Cube Fundamentals
Cubes are the central building blocks of Olytix Core's semantic layer. They provide a semantic abstraction over your data that defines what can be queried, how metrics are calculated, and how dimensions slice the data.
What is a Cube?
A cube defines:
- Measures: Numeric aggregations (counts, sums, averages)
- Dimensions: Attributes for grouping and filtering
- Joins: Relationships to other cubes
- Segments: Reusable filter conditions
- Pre-aggregations: Cached summaries for performance
Cubes sit between your transformed data models and the queries executed by end users, providing a consistent semantic interface.
┌─────────────────────────────────────────────────────────────┐
│ Data Flow with Cubes │
├─────────────────────────────────────────────────────────────┤
│ │
│ Models (SQL) Cubes (Semantic) Queries │
│ ┌──────────┐ ┌──────────────┐ ┌──────────┐ │
│ │fct_orders│ ──────► │ orders cube │ ◄──── │ API/SQL │ │
│ └──────────┘ │ - measures │ └──────────┘ │
│ │ - dimensions│ │
│ ┌──────────┐ │ - joins │ │
│ │dim_custs │ ──────► └──────────────┘ │
│ └──────────┘ │
│ │
└─────────────────────────────────────────────────────────────┘
Cube File Structure
Cubes are defined in YAML files within the cubes/ directory.

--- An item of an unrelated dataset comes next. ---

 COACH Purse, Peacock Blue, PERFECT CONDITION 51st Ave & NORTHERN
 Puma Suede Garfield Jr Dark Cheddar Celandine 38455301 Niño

Each file can contain one or more cube definitions.
my_project/
├── cubes/
│ ├── orders.yml
│ ├── customers.yml
│ └── products.yml
Basic Cube Definition
A minimal cube requires a name and a data source (either SQL or a table reference):
cubes:
- name: orders
sql: "SELECT * FROM {{ ref('fct_orders') }}"
description: "Order transactions for e-commerce analytics"
Complete Cube Structure
Here is a comprehensive cube definition showing all available options:
cubes:
- name: orders
# Data source - choose one of: sql, sql_table, or model
sql: "SELECT * FROM {{ ref('fct_orders') }}"
# sql_table: "schema.orders" # Direct table reference
# model: fct_orders # Reference to a Olytix Core model
# Metadata
title: "Orders"
description: |
Order transactions for e-commerce analytics.
Contains all completed and pending orders.
public: true
# Governance metadata
meta:
owner: analytics-team
certified: true
refresh_frequency: hourly
data_classification: internal
# Optional: data source override
data_source: default
# Optional: refresh key for caching
refresh_key:
sql: "SELECT MAX(updated_at) FROM orders"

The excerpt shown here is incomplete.